Exercise requirements:
Every entry is to be reproduced word for word, but the images are not.

Input:
====

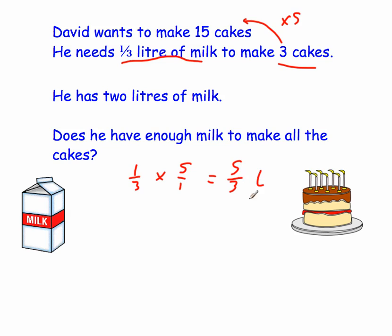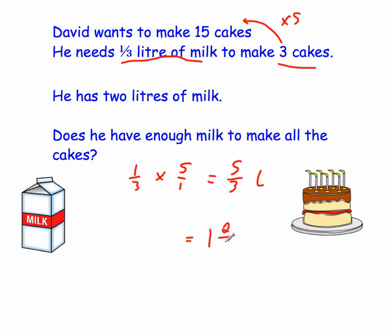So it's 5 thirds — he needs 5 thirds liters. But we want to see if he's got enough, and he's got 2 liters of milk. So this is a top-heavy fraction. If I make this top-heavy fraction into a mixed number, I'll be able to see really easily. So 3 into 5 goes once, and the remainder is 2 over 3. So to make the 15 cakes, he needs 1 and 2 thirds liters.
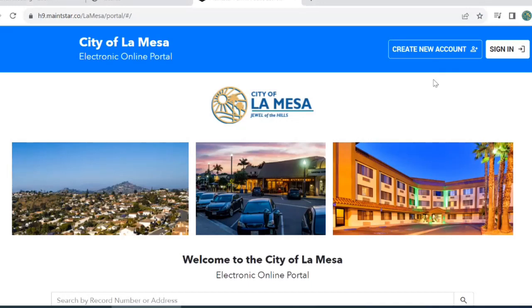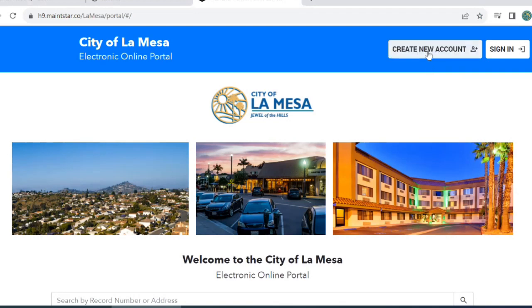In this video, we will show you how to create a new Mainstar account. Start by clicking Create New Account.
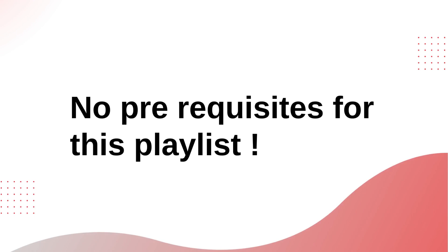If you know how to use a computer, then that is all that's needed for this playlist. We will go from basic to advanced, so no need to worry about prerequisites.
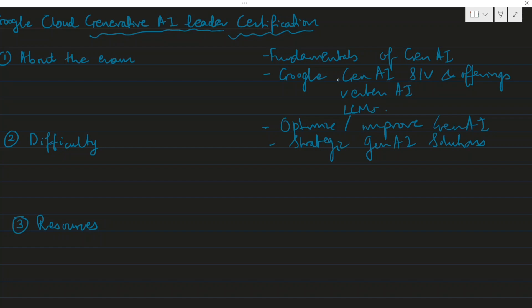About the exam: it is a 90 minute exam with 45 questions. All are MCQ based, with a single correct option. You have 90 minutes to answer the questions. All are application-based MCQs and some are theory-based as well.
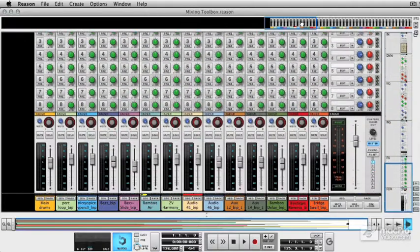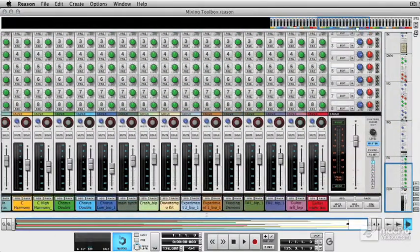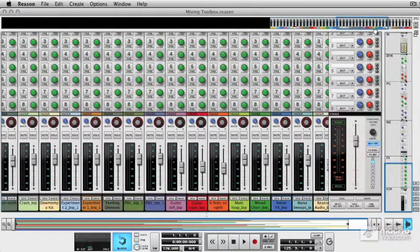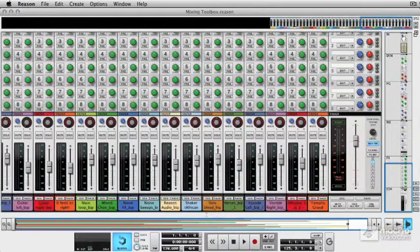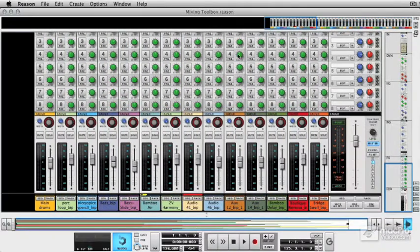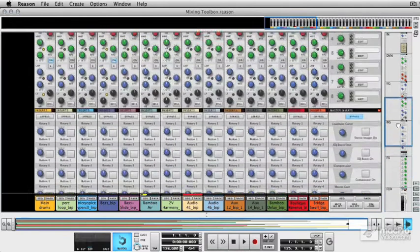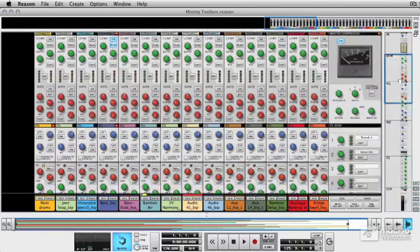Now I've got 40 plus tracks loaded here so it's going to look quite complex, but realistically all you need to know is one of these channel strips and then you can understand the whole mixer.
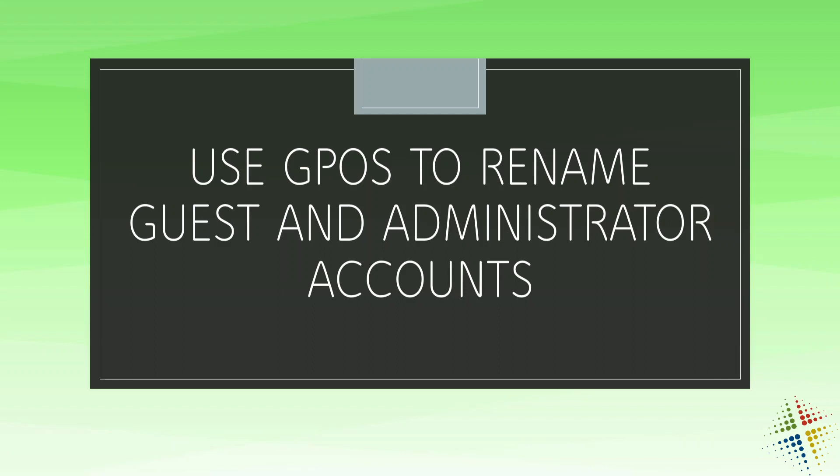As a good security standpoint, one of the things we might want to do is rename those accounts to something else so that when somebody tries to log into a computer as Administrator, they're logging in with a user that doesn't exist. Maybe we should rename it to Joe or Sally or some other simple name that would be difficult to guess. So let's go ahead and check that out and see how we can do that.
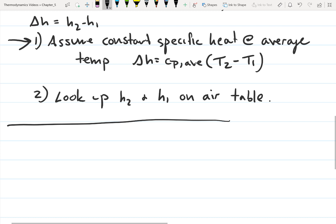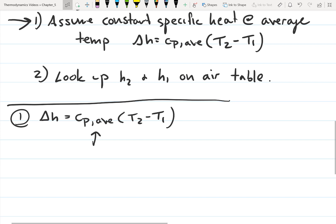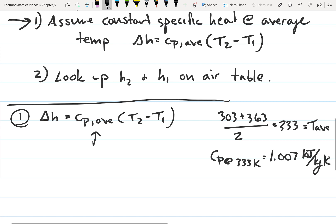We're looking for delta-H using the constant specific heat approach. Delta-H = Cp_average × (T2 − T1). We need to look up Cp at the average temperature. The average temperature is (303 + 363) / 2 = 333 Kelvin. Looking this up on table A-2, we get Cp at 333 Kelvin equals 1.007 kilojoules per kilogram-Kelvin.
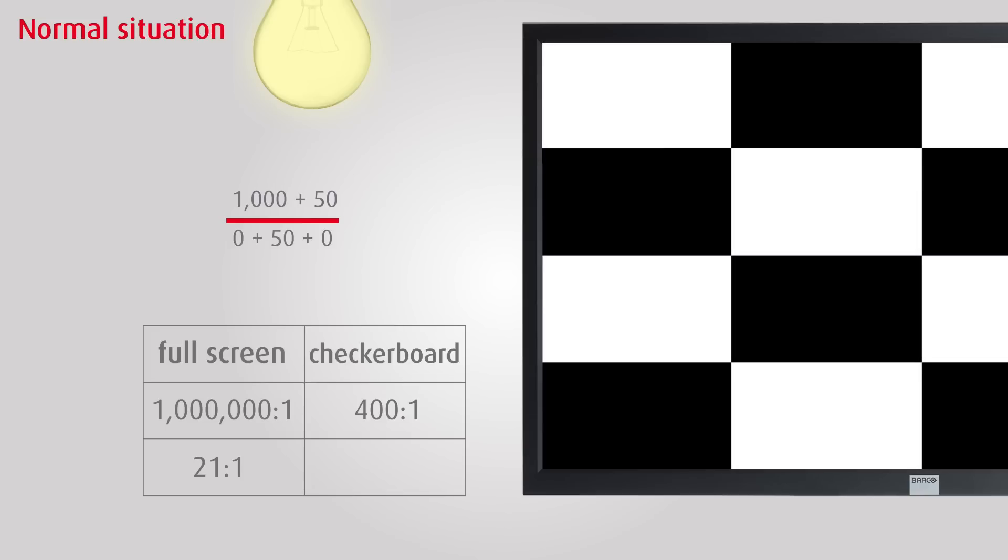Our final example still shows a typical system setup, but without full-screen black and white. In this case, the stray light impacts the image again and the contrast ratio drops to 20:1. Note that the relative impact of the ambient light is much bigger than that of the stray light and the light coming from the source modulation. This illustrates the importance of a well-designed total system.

====

Solution to this task:
So it's 5 thirds — he needs 5 thirds liters. But we want to see if he's got enough, and he's got 2 liters of milk. So this is a top-heavy fraction. If I make this top-heavy fraction into a mixed number, I'll be able to see really easily. So 3 into 5 goes once, and the remainder is 2 over 3. So to make the 15 cakes, he needs 1 and 2 thirds liters.
In this video, we will show you how to create a new Mainstar account. Start by clicking Create New Account.
If you know how to use a computer, then that is all that's needed for this playlist. We will go from basic to advanced, so no need to worry about prerequisites.
About the exam: it is a 90 minute exam with 45 questions. All are MCQ based, with a single correct option. You have 90 minutes to answer the questions. All are application-based MCQs and some are theory-based as well.
Now I've got 40 plus tracks loaded here so it's going to look quite complex, but realistically all you need to know is one of these channel strips and then you can understand the whole mixer.
As a good security standpoint, one of the things we might want to do is rename those accounts to something else so that when somebody tries to log into a computer as Administrator, they're logging in with a user that doesn't exist. Maybe we should rename it to Joe or Sally or some other simple name that would be difficult to guess. So let's go ahead and check that out and see how we can do that.
We're looking for delta-H using the constant specific heat approach. Delta-H = Cp_average × (T2 − T1). We need to look up Cp at the average temperature. The average temperature is (303 + 363) / 2 = 333 Kelvin. Looking this up on table A-2, we get Cp at 333 Kelvin equals 1.007 kilojoules per kilogram-Kelvin.
Our final example still shows a typical system setup, but without full-screen black and white. In this case, the stray light impacts the image again and the contrast ratio drops to 20:1. Note that the relative impact of the ambient light is much bigger than that of the stray light and the light coming from the source modulation. This illustrates the importance of a well-designed total system.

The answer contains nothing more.